Every line of the data that includes "Picture" should be copied out.

---

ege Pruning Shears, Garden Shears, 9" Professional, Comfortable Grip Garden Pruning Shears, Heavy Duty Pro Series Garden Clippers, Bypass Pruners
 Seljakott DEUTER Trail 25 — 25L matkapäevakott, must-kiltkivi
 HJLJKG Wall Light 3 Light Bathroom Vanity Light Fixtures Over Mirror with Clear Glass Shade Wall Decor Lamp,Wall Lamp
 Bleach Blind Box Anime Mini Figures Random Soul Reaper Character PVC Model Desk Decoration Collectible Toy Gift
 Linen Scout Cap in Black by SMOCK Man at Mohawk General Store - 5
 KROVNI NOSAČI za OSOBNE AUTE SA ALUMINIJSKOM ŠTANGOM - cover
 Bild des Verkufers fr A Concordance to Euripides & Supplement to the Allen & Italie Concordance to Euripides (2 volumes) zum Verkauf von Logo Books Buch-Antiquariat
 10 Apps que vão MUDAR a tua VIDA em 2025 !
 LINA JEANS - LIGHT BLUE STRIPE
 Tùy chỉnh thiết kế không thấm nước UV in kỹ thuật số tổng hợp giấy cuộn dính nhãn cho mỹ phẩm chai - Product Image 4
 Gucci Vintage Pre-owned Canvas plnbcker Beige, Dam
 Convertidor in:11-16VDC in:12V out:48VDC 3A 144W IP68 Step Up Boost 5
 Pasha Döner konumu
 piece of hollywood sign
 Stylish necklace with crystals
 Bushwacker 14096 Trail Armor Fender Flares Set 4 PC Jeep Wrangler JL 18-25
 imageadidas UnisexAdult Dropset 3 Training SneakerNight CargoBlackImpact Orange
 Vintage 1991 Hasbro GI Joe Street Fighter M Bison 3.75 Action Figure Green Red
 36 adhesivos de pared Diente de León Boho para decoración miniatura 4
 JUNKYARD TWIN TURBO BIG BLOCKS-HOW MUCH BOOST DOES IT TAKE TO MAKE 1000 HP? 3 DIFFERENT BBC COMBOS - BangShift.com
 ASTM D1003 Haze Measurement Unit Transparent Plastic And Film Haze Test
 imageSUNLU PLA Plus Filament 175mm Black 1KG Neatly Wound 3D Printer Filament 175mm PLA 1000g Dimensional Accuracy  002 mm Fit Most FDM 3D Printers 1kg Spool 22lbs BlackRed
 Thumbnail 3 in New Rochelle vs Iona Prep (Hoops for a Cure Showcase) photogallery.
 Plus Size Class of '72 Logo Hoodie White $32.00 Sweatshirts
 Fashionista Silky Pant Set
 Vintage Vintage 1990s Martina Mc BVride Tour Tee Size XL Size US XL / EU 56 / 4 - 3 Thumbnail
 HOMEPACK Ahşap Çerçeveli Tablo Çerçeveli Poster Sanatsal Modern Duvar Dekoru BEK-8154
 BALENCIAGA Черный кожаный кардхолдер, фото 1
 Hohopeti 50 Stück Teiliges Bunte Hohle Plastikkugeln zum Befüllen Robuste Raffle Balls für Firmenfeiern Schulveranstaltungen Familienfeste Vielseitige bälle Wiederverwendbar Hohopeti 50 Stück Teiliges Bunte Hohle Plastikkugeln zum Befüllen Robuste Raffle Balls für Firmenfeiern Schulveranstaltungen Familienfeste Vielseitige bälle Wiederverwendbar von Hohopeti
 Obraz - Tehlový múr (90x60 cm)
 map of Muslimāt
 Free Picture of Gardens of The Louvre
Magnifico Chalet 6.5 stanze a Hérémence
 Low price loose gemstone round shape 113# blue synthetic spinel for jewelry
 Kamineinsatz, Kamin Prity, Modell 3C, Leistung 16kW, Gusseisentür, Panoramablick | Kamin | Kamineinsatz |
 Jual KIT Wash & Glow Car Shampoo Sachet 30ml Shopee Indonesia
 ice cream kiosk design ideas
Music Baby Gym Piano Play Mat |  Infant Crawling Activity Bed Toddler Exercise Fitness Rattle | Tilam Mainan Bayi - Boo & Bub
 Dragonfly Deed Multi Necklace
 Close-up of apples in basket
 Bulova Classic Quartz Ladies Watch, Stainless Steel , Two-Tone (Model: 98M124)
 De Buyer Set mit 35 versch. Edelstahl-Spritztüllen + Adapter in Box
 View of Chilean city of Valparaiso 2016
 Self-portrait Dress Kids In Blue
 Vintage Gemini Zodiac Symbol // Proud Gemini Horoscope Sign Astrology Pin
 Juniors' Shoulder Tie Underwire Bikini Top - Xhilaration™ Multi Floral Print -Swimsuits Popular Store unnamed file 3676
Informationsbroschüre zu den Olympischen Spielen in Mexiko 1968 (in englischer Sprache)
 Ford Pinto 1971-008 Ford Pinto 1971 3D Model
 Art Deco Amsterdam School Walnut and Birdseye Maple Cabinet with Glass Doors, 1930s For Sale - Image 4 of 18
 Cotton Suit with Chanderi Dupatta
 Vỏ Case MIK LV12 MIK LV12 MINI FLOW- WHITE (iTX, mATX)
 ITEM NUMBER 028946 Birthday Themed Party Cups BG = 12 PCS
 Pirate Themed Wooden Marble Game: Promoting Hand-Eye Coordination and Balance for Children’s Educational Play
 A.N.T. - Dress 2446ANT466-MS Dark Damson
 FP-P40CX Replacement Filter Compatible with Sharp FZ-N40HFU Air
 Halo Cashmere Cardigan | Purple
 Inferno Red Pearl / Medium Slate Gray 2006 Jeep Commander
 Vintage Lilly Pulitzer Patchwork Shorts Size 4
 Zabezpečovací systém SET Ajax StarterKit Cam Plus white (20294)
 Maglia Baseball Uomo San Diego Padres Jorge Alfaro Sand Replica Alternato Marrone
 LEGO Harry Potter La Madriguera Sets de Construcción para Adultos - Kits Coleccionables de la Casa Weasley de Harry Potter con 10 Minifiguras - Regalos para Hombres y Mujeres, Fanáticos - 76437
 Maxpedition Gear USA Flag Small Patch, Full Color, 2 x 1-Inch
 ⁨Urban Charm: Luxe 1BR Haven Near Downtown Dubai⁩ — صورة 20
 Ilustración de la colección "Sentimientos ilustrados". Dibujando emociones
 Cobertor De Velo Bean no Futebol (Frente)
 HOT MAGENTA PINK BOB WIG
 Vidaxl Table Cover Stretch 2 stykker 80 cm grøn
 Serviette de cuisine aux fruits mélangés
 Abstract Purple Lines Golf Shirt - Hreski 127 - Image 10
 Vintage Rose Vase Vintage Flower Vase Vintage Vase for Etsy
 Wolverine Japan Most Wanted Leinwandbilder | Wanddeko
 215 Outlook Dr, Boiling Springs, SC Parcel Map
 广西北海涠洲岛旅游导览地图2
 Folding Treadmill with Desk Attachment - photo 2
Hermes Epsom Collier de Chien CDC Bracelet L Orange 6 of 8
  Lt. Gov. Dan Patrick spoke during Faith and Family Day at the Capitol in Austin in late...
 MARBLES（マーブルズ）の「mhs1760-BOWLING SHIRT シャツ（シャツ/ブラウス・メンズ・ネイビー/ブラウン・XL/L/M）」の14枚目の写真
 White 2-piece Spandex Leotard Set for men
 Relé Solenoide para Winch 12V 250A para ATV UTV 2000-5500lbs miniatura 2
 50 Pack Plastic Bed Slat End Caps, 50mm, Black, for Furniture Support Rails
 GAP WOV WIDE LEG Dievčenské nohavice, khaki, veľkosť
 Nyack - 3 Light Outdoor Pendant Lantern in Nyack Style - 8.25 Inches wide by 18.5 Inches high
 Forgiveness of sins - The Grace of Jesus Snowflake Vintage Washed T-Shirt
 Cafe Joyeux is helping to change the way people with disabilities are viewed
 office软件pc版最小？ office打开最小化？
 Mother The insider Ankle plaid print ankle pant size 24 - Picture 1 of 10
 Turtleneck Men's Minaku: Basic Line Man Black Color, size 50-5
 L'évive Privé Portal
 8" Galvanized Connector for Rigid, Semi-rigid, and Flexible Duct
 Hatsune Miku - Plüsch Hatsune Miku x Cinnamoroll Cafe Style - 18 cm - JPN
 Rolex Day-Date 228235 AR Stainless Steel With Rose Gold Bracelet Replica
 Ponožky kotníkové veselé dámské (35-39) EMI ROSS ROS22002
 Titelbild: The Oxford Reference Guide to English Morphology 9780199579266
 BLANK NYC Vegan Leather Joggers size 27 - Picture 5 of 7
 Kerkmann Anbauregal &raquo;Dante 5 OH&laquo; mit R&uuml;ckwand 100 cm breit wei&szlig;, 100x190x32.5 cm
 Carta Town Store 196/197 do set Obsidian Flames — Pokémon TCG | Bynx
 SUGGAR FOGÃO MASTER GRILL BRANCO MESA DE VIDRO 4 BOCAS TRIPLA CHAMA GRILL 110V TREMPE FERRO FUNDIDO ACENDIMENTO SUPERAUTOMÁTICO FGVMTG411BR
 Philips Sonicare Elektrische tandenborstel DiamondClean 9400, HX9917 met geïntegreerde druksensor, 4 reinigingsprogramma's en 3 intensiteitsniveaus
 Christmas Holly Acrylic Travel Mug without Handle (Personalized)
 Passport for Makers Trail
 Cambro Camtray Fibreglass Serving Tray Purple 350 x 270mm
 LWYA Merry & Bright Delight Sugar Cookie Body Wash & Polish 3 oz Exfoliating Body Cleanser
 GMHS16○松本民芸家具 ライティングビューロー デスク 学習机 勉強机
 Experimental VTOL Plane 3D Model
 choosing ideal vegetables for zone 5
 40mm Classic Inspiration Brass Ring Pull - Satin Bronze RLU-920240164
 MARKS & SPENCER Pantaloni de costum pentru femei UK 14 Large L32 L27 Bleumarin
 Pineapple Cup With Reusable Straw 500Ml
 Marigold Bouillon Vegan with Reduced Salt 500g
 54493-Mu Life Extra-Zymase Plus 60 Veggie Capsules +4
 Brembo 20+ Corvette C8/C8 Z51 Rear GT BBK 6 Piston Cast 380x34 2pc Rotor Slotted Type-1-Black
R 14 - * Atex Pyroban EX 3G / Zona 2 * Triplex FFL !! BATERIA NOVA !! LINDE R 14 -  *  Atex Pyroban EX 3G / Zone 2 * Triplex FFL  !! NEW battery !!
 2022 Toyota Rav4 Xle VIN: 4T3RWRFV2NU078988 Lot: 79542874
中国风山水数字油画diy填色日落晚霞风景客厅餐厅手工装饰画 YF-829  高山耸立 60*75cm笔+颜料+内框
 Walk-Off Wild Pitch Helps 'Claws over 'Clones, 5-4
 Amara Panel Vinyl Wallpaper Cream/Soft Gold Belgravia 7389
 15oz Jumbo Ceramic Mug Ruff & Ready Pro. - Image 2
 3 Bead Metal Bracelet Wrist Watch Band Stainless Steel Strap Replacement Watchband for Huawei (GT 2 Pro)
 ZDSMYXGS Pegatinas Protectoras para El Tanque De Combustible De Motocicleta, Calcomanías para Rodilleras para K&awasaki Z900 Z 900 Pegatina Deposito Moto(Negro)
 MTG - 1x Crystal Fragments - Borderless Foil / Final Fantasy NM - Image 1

---

# Your response
 Free Picture of Gardens of The Louvre
 Mother The insider Ankle plaid print ankle pant size 24 - Picture 1 of 10
 BLANK NYC Vegan Leather Joggers size 27 - Picture 5 of 7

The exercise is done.